The fundamental question ...is not one of the wisdom of the defendant’s judgment but whether the defendant’s waiver of counsel was made in an intelligent, understanding and*211 competent manner____ All factors relating to the determination of whether the defendant knew exactly what he was doing when he waived his right to counsel are relevant.
Faretta directs that the defendant ‘should be made aware of the dangers and disadvantages of self-representation, so that the record will establish that “he knows what he is doing and his choice is made with eyes open.” ’ 422 U.S. at 835, 95 S.Ct. at 2541. In this case, the record does not contain proof that the defendant was properly warned of the dangers of exercising his Faretta right.

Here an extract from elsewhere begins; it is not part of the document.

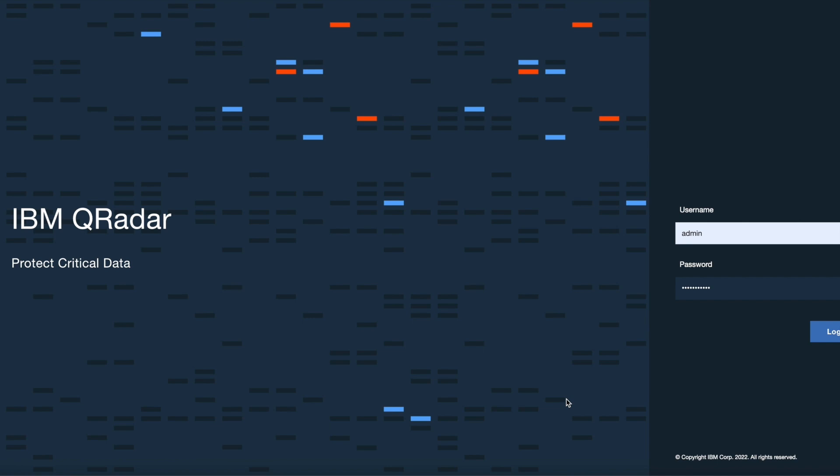IBM QRadar administrator can then browse and download the apps and install them into IBM QRadar to address specific requirements.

State v. Raseley, 148 Ariz. at 461-62, 715 P.2d at 317-18 (emphasis added). See also K.M. v. State, 545 So.2d 464 (1989) (trial judge erred in accepting juvenile defendant’s waiver of rights to counsel and plea of nolo contendere because he failed to inform the juvenile of benefits he would relinquish and dangers and disadvantages of representing himself).
Rule 6(c) of the Arizona Rules of Procedure for the Juvenile Court, states:
A child may waive counsel if the court finds that his waiver is knowingly, intelligently and voluntarily given in view of his age, education, apparent maturity and within the presence of his parents, guardian or custodian, at the time of waiver. The waiver of counsel should also be obtained from parents, guardian or custodian in attendance on behalf of the child and themselves, (emphasis added)

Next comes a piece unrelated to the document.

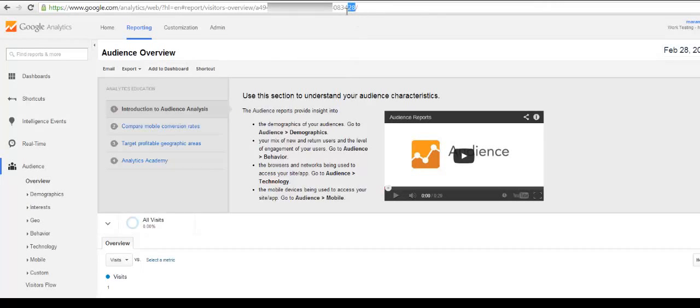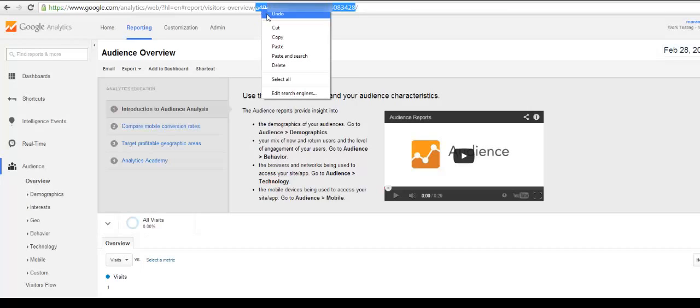You will find your Google Analytics ID in the address bar above. Copy this ID.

At the time the juvenile’s mother waived the right to counsel, she stated that “If the outcome of the disposition hearing is not acceptable, I will want an attorney,” whereupon the commissioner stated, “You will have an attorney to appeal, is that what you mean? You will have 15 days after the disposition hearing.” The commissioner did not inform the juvenile or his mother that after the disposition hearing had occurred, an attorney could not undo what had already occurred at the disposition hearing unless, through an appeal, it was determined that reversible error had occurred in the proceedings in juvenile court up to and including the disposition hearing.
It is clear from the record in this case that the juvenile and his mother were not advised of the dangers and disadvantages of self-representation before his right to counsel was waived. Since the juvenile and his mother were not advised with respect to the dangers and disadvantages of self-representation, the waiver of counsel was not knowingly and intelligently made.
In view of our decision on this issue, it is unnecessary to reach the other issues raised on appeal. The plea entered by the juvenile is vacated and this case is remanded to the juvenile court for further proceedings consistent with this decision.
NOTE: The Honorable LEVI RAY HAIRE was authorized to participate in this case by the Chief Justice of the Arizona Supreme Court pursuant to Ariz. Const, art. VI, § 20.